Yes, but the researchers get plenty of feedback from the validation set and there's nothing easier for them than to tweak their system to perform well on the validation set. That's overfitting on the validation set by proxy. It's absolutely inevitable when the validation set is visible to the researchers and it's very difficult to guard against because of course a team who has spent maybe a month or two working on a system with a publication deadline looming are not going to just give up on their work once they figure it it doesn't work very well. They're going to tweak it and tweak it and tweak it, until it does what they want it to. They're going to converge -they are going to converge- on some ideal set of hyperparameters that optimises their system's performance on its validation set (or the test set, it doesn't matter what it's called, it matters that it is visible to the authors). They will even find a region of the weight space where it's best to initialise their system to get it to perform well on the validation set.
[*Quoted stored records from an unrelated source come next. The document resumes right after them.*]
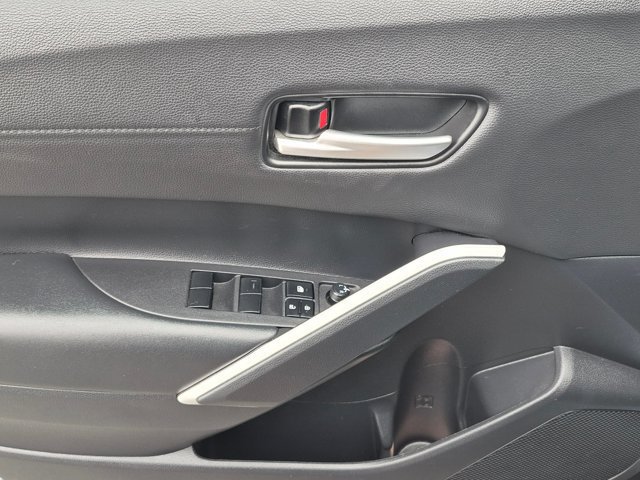 Used 2025 Toyota Corolla Cross XLE AWD/4WD image 18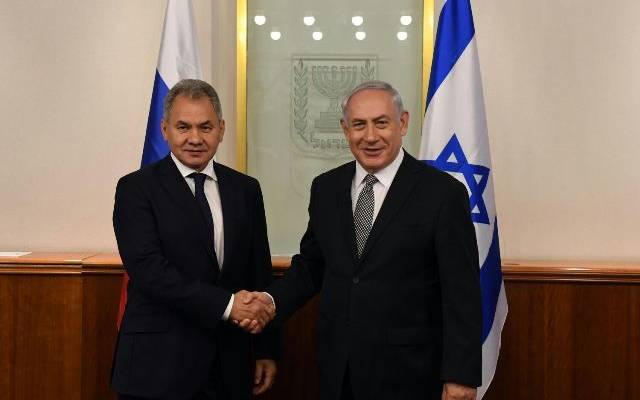PM Netanyahu meets with Russian Defense Minister Sergei Shoigu
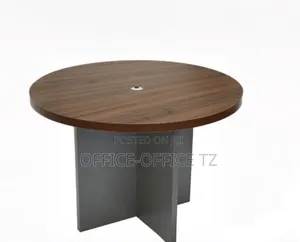 Round Table (Choc 02)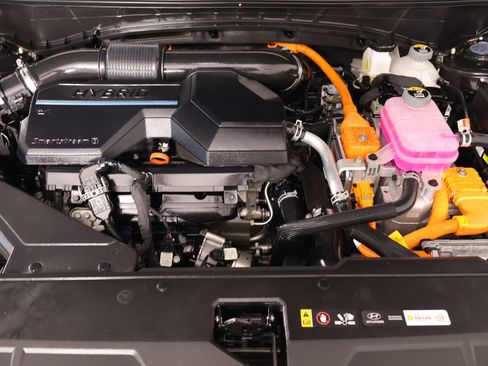 Certified 2024 Hyundai Tucson Limited AWD/4WD image 21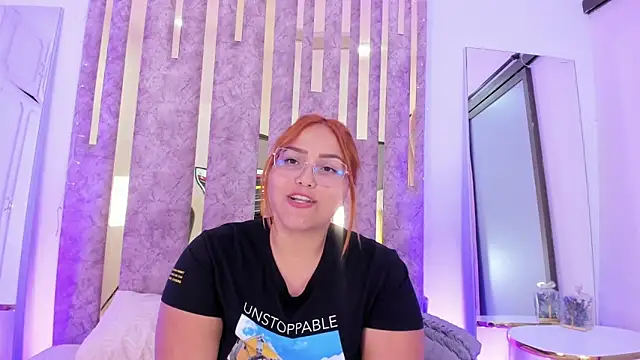 Snapshot of LeahxBarker chatting on 19, 3, 2025 LeahxBarker online show from 19, 3, 2025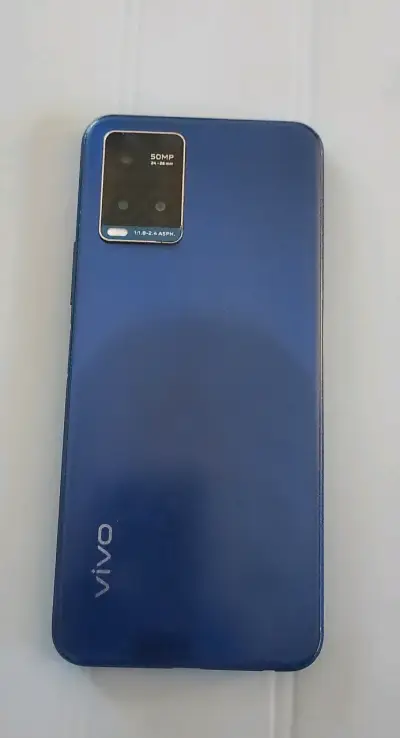Smartphone Vivo con cámara de 50MP azul - miniatura 1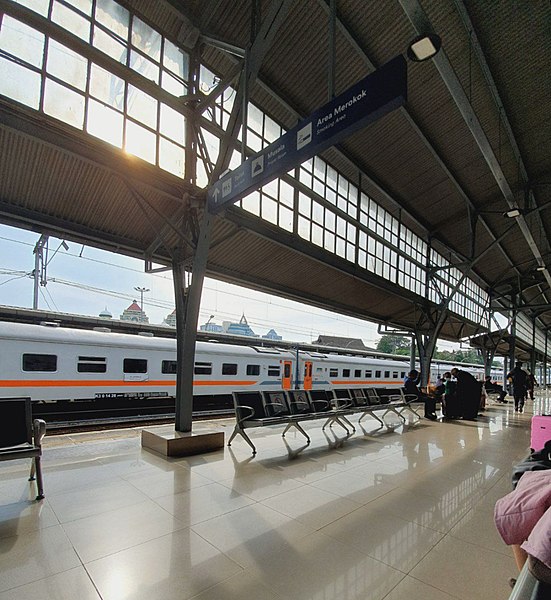 File:Stasiun Pasar Senen, Jakarta Pusat.jpg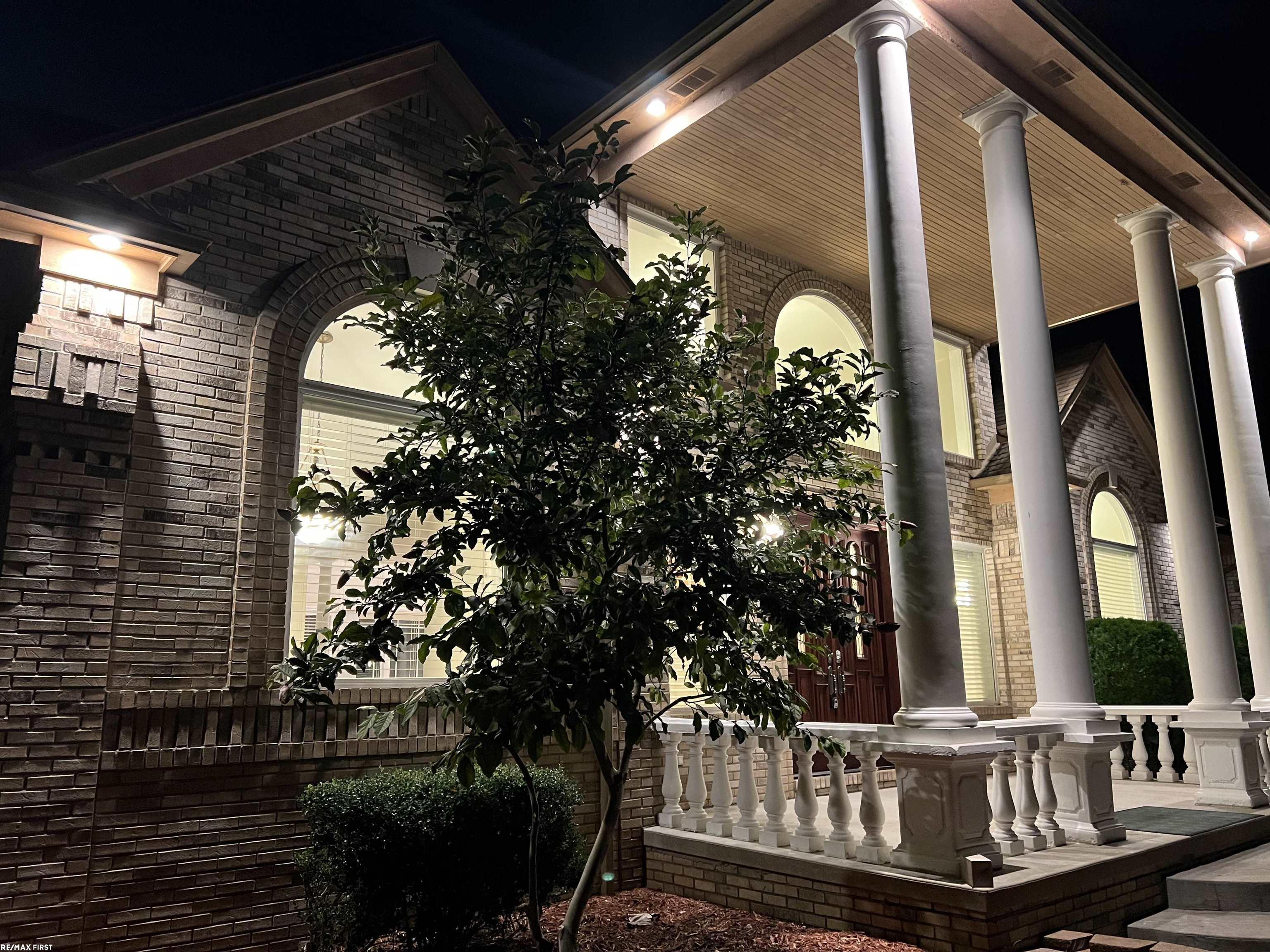 400 E Romeo Road, Oakland, MI, 48363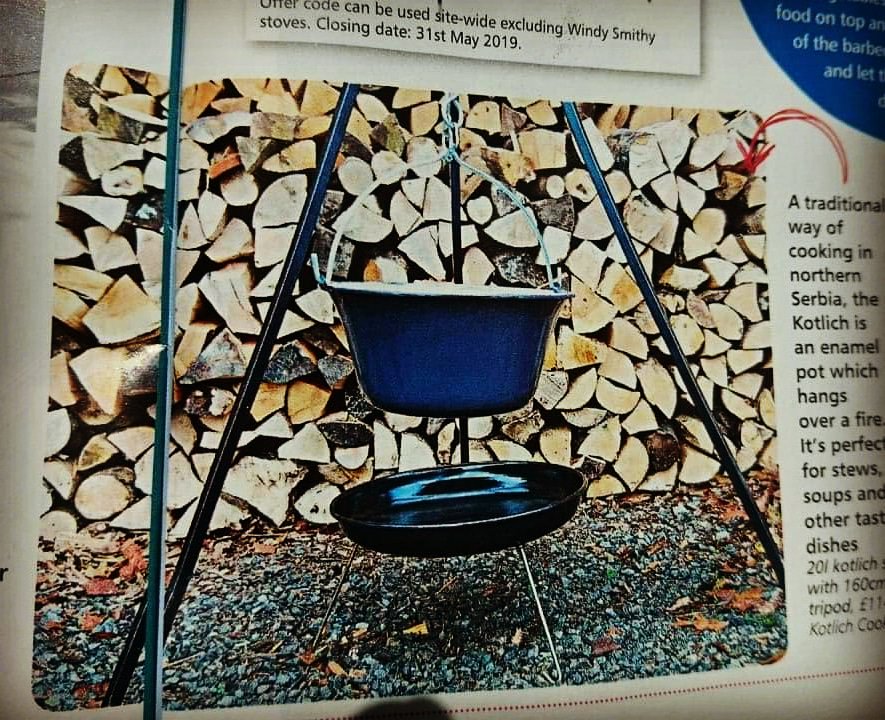 Kotlichcook's tweet photo. @YourHomeMagazine #outdoorcooking with our 20lt #kotlich 160cm tripod and #firepit @LadySadie66 @orphansstudio @ChefRayeesa @WiREUK https://t.co/34WE93A8SM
And, of course, if they can't find a way to get good performance out of their system, you and I will never hear about it because nobody ever publishes negative results.
So there are very strong confirmation and survivorship biases at play and it's not surprising to see, like you say, that the system keeps doing better. And that suffices to explain its performance, without the need for any mysterious post-overfitting grokking ability.
But maybe I haven't read the paper that carefully and they do guard against this sort of overfitting-by-proxy? Have you found something like that in the paper? If so, sorry for missing it myself.